Waste Texas
Waste Texas The Texas Observer 7 March 09 Peggy Pryor grew up the poor daughter of a roughneck, maligned as “oilfield trash,” but she prides herself on having good horse sense. For more than a decade, this feisty West Texas woman has seen something terribly wrong with plans to turn a former ranch near her hometown into the final resting place for massive amounts of radioactive and hazardous waste. Not too many years ago, Pryor could be found raising hell trying to stop the dump. These days, she’s more or less resigned to the inevitable.
“I still protest every once in a while,” she says. But in the end, “I don’t think I did anything other than scream and yell, and cause them to have a little headache.”
The corporation Pryor tried to fight, Waste Control Specialists LLC, owned by Dallas billionaire and major Republican donor Harold Simmons, has spent the last 20 years pulling political, business, and regulatory strings to do what no other company in the nation has been able to do in three decades: license and build a new radioactive waste dump. Waste Control has lobbied successfully for a change in state law to privatize radioactive waste disposal, muscled out more experienced competitors, beaten back environmentalists and anti-nuclear activists, and—perhaps most remarkably—turned the majority of Andrews’ citizens into the dump’s fiercest boosters.
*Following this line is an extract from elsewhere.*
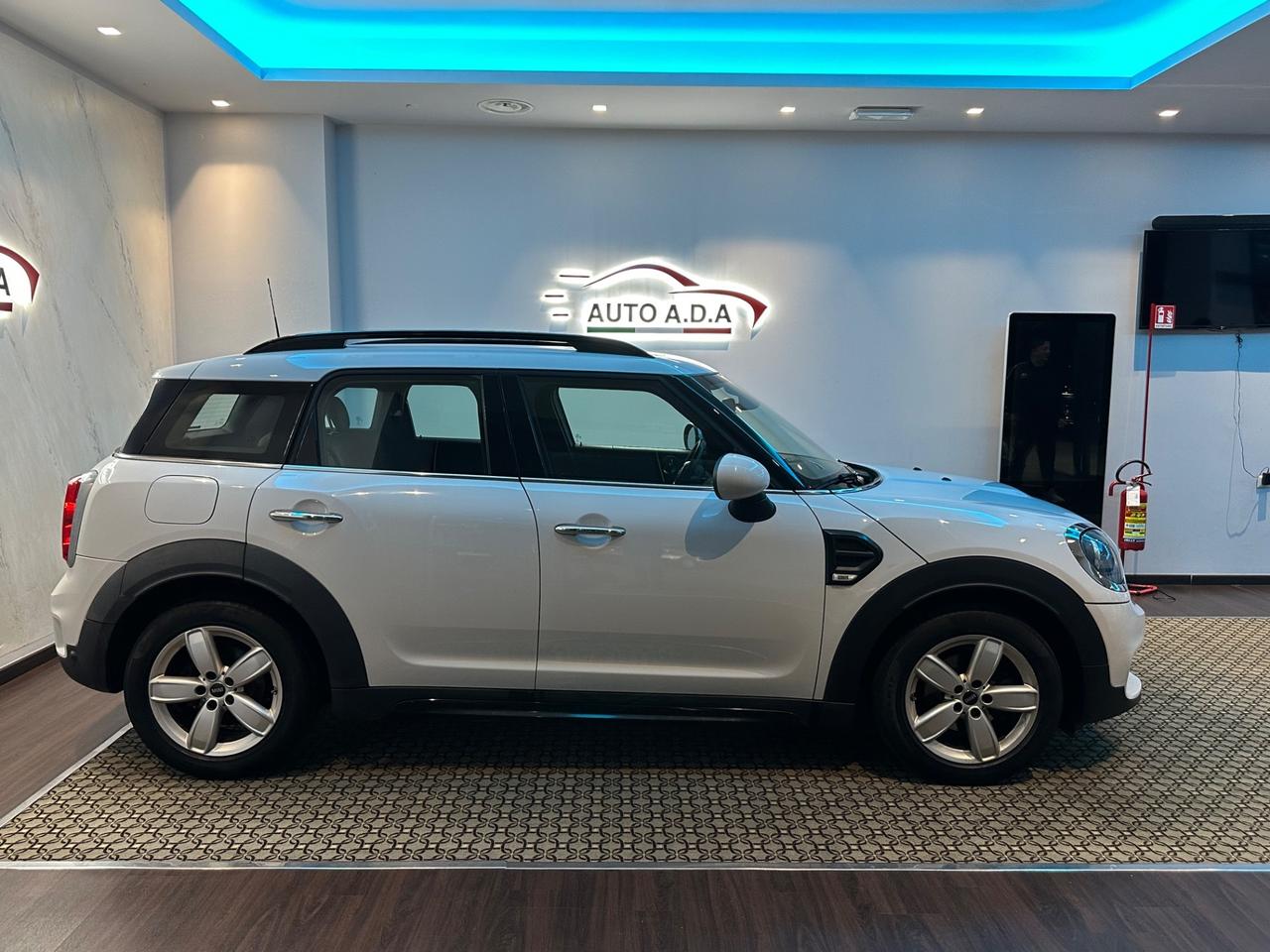 Mini Cooper D Countryman 1.5 One Hype
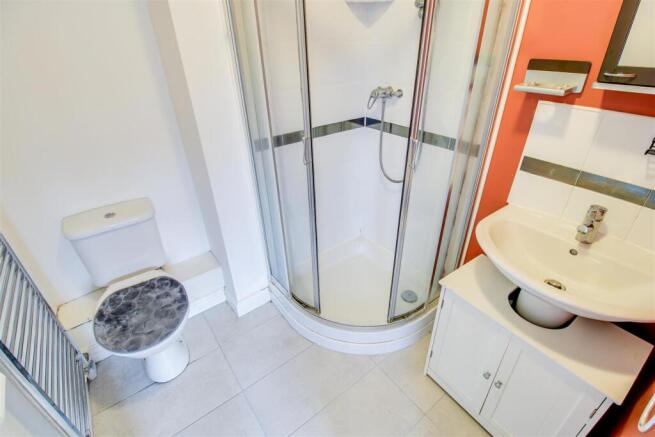 4 bed Semi-Detached for sale Image 10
The company now has in hand—a technicality or two notwithstanding—two licenses to bury about 60 million cubic feet of low-level radioactive waste at a site near the Texas-New Mexico line 30 miles west of Andrews. Much of the waste will be radioactive for millions of years; projected profits have been estimated in the billions…………………………..Waste Control prevailed. In 2003, after several failed attempts, the company finally convinced the Texas Legislature, lubricated by campaign contributions and a team of lobbyists, to change state law to allow a private outfit to handle radioactive waste. With that accomplished, Waste Control spent the next five years navigating an environmental and safety review by the Texas Commission on Environmental Quality that Waste Control President Rod Baltzer calls “one of the most rigorous reviews in the history of mankind.”That process is now almost complete. Andrews is on its way to becoming the nation’s preeminent radioactive waste destination. Still, the company is chafing at the limitations imposed by the disposal licenses.
For Pryor, the idea of letting a for-profit company handle, transport, and bury waste that will remain dangerous for tens of thousands of years is crazy at best. State engineers and geologists largely agree. (See “Good to Glow,” April 4, 2008) They’ve publicly predicted the landfill will contaminate groundwater and pose unacceptable risks to residents. At least three state experts have quit the environmental commission in the past two years to protest what they see as politically motivated fast-tracking of Waste Control’s licenses.